The recently concluded HK $75.3 billion deal was led by APA Group, an Australian gas pipeline company  listed on the Australian Stock Exchange (ASX:APA), and owns and operates energy assets and investments in Australia. It is Australia’s largest natural gas infrastructure business. The data show that the APA Group has more than $20 billion in energy infrastructure assets, including a gas delivery system, with 7,500 km of connected pipelines on the east coast of Australia, and about 3,500 km of natural gas pipelines in Western Australia.

It’s easy to see that the mergers and acquisitions done by CK Hutchison in Australia are all related to natural gas. After three acquisitions, CK Hutchison undoubtedly has a much stronger voice in the Australian natural gas network. However, their high-stake, high-risk business strategy is a double-edged sword, which may be something that CK Hutchison should pay attention to in its future investments.

Many deals in Canada, but an enormous sum of money in Germany

Obviously, in comparison to the United Kingdom and Australia, CK Hutchison’s investment volume in each of other countries is much smaller. There are four investments in Canada, and one in Germany. Despite this, the amount of money spent in the German investment has reached HK $41.4 billion.

CK Hutchinson’s business strategy in Canada was to test the waters with smaller investments before progressing with larger ones. In 2017 the CK Hutchinson group purchased Reliance Home Comfort (with an investment of over HK $17 billion), making it the largest acquisition in Canada in recent years. Founded in 1999 and based in Ontario, Reliance Home Comfort leases and services water heaters, furnaces and air conditioning units for about 1.7 million customers in Canada.

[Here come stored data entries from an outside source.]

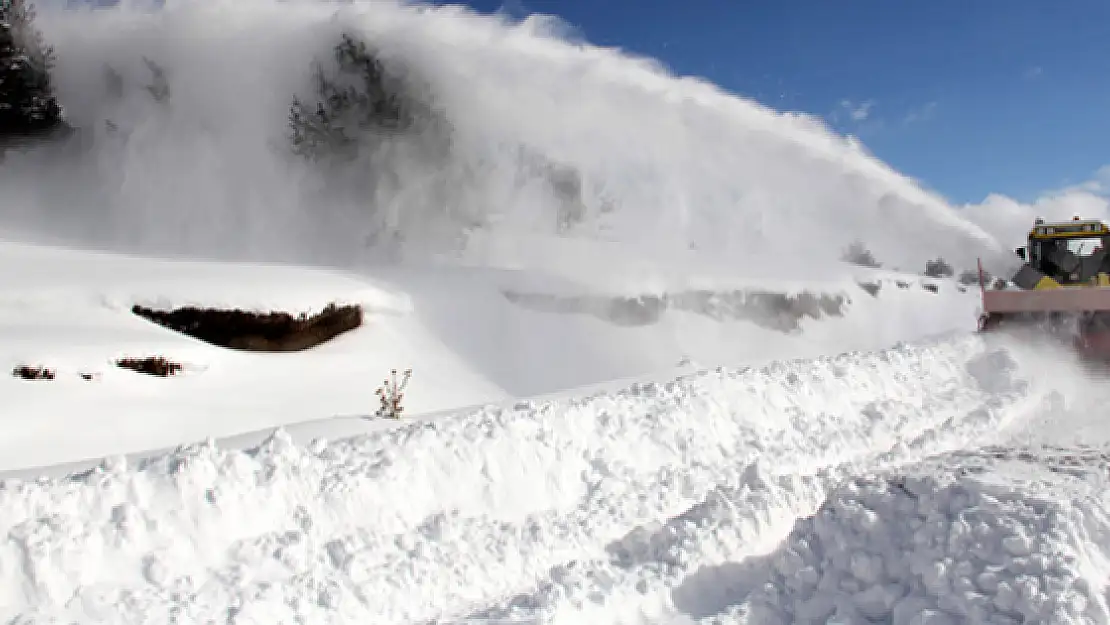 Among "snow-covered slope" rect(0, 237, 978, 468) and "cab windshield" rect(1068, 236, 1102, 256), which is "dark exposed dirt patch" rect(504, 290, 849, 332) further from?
"cab windshield" rect(1068, 236, 1102, 256)

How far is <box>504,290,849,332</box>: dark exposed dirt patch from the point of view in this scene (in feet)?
57.0

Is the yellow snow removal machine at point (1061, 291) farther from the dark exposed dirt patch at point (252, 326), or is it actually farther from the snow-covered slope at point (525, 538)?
the dark exposed dirt patch at point (252, 326)

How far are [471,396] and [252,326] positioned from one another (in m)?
3.54

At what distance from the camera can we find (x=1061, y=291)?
1177 cm

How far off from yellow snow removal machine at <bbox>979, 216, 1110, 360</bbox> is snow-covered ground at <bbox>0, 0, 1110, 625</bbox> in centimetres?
54

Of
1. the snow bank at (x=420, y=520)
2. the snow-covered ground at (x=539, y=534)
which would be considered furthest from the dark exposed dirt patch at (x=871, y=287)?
the snow-covered ground at (x=539, y=534)

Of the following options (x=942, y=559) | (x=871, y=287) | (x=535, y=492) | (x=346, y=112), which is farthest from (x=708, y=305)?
(x=942, y=559)

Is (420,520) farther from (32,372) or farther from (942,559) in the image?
(32,372)

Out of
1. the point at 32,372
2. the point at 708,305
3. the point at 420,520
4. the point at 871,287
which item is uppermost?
the point at 871,287

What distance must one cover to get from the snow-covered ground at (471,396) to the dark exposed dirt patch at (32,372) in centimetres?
11

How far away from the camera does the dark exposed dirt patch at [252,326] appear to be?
11.1 meters

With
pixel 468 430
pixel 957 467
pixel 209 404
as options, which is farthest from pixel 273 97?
pixel 957 467

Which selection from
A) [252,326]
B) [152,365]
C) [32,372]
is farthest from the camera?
[252,326]

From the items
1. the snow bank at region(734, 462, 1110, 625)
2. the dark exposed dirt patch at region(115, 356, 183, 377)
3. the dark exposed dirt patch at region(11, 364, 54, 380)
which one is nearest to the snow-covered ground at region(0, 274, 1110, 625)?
the snow bank at region(734, 462, 1110, 625) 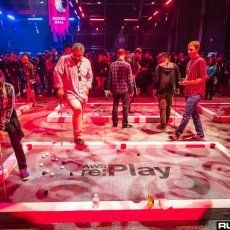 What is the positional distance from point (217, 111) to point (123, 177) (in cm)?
732

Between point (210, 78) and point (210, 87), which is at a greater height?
point (210, 78)

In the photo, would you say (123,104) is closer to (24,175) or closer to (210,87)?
(24,175)

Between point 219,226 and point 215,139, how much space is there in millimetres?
4391

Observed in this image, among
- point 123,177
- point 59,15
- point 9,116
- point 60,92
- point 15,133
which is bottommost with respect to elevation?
point 123,177

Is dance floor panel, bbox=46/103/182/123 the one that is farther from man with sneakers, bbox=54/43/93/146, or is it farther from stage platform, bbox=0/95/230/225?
man with sneakers, bbox=54/43/93/146

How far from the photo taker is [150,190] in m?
4.84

The deal in Germany tops the list of the investments in other countries, with a deal of HK $41.4 billion. By the end of 2016, the acquired Ista served 450,000 customers in 24 countries worldwide, and installed about 53 million meters in 12 million homes. Among them, 280,000 were German customers, with 27 million meters installed in 4.7 million apartments. In addition to Europe, Ista also has business in China, the United Arab Emirates, Russia and other emerging markets. Despite Ista’s growth as a company, its financial performance has been unsatisfactory, experiencing millions of euros in losses over several consecutive years.

Despite successive losses, Ista is still a well-managed company. The continued losses are predominantly because of its debt. If this issue is resolved in the future, then its financial data will look much better. In addition, Li Ka-Shing’s companies have spread across Europe and have strong footholds in U.K. businesses, including public utilities, real estate, railways, natural gas and electric companies. In addition, their stakes in public utilities in Australia has also been taking shape. All these enterprises are highly relevant to the intelligent instrumentation business operated by Ista, which are expected to produce significant synergies. Looking at the Ista investment independently, 4.5 billion euros may seem like a large number, but considering the entire scope of Li Ka-Shing’s companies, the profit that comes with this investment is not comparable.

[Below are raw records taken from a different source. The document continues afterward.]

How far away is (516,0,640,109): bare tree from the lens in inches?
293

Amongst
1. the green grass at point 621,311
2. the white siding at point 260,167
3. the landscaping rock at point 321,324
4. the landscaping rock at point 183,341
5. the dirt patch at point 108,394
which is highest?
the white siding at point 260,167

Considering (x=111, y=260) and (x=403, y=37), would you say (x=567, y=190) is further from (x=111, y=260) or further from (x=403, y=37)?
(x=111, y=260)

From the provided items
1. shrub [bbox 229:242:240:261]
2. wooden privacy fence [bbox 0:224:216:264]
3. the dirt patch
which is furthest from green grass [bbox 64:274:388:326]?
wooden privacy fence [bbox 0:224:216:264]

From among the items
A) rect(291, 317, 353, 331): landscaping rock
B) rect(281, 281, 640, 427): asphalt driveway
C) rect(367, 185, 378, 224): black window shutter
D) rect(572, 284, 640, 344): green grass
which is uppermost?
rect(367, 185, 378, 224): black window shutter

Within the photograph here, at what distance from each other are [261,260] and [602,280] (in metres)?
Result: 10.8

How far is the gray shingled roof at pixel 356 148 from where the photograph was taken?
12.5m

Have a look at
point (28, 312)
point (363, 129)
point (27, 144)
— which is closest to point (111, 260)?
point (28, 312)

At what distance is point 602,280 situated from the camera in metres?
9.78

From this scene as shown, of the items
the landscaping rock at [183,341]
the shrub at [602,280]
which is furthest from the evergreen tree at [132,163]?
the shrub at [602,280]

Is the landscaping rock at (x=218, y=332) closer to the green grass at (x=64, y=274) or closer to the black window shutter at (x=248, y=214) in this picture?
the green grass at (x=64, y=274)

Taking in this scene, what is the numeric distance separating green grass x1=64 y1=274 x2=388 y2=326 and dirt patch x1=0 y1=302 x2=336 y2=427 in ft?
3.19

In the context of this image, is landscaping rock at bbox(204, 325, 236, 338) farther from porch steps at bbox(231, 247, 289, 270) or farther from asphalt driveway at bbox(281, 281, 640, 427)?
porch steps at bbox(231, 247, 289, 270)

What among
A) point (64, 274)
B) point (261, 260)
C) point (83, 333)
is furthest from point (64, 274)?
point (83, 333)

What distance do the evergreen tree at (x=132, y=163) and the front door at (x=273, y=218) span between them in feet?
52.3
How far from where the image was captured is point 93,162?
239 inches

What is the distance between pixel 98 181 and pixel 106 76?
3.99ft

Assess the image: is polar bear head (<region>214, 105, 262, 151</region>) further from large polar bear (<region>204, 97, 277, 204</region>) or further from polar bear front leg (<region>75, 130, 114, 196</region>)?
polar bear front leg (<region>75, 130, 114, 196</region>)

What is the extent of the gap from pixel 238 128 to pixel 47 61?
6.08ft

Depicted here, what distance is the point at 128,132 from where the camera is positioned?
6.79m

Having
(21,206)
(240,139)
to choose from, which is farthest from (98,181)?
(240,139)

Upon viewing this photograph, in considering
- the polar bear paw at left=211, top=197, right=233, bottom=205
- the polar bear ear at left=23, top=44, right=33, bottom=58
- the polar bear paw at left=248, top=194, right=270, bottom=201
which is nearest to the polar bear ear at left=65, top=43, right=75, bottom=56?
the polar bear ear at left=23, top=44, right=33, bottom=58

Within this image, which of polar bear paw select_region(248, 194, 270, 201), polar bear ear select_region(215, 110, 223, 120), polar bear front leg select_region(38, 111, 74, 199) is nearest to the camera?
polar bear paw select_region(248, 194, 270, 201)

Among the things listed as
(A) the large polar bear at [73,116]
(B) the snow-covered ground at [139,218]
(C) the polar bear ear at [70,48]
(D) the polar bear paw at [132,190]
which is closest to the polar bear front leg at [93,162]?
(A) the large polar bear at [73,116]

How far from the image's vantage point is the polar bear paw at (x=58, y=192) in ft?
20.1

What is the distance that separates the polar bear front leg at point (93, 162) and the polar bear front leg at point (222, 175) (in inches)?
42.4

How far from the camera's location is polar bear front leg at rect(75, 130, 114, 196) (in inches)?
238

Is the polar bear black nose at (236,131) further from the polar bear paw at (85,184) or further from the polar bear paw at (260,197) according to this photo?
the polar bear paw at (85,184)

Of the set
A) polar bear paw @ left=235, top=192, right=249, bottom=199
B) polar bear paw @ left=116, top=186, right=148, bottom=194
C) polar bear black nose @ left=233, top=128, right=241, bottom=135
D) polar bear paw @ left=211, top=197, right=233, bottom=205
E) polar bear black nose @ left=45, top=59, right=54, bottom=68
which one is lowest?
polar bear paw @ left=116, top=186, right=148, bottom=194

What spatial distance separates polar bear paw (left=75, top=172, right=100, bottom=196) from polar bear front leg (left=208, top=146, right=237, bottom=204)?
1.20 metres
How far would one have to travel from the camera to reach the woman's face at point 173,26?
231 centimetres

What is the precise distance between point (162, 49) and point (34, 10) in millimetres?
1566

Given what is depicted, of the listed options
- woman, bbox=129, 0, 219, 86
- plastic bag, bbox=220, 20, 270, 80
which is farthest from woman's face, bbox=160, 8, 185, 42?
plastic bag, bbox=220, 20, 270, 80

Overall, from Britain to other countries, the Li family has a surefire approach to overseas investments. Their investment industries are mainly in utilities, energy and other people’s livelihood-related areas. These industries will not be profiting, but are relatively stable.

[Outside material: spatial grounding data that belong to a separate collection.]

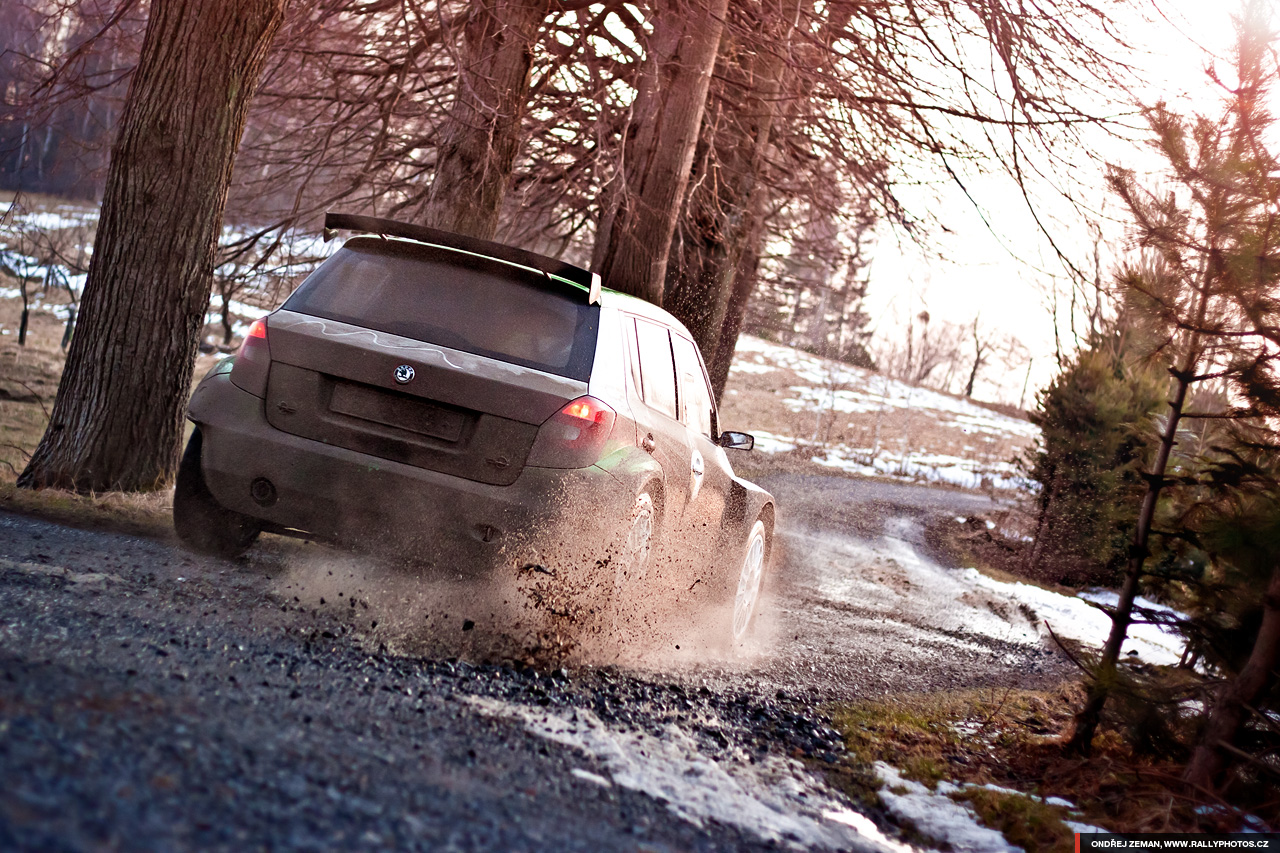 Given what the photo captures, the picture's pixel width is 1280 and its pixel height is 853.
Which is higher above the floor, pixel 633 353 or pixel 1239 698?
pixel 633 353

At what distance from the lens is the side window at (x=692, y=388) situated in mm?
6109

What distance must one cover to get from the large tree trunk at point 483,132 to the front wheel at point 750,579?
4.24 meters

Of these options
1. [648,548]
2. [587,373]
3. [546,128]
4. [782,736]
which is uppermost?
[546,128]

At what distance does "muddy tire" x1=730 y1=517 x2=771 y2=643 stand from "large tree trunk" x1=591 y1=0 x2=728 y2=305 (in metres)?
3.68

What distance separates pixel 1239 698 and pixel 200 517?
4.65m

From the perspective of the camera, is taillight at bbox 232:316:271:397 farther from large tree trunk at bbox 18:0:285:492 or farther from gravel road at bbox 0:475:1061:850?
large tree trunk at bbox 18:0:285:492

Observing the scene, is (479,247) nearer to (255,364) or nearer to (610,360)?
(610,360)

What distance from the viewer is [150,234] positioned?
7.16 m

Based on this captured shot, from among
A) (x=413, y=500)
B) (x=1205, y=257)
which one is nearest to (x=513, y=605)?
(x=413, y=500)

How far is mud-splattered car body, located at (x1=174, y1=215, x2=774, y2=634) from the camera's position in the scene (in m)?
4.50

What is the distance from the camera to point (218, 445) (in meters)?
4.71

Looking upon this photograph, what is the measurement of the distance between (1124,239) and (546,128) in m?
8.66

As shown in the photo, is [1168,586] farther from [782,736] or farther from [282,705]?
[282,705]

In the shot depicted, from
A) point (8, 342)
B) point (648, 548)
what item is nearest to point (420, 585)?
point (648, 548) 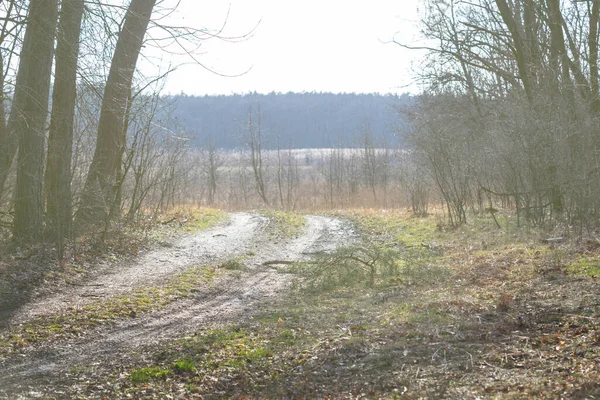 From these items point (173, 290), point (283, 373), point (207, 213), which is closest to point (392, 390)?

It’s also worth mentioning that, after a lapse of only two years, the Li family once again bought land in Hong Kong. On August 9, 2018, Jianfeng Investment Limited, a subsidiary of CK Asset Holdings, won the tender of a property development contract for Phase III of the Wong Chuk Hang MTR Station in the Southern District of Hong Kong Island. While the amount of money was not disclosed, Hong Kong market analysts estimated that the value of the project is around HK $36 billion. Whether or not this indicates that the Li family will increase its future investments in Hong Kong is still unknown.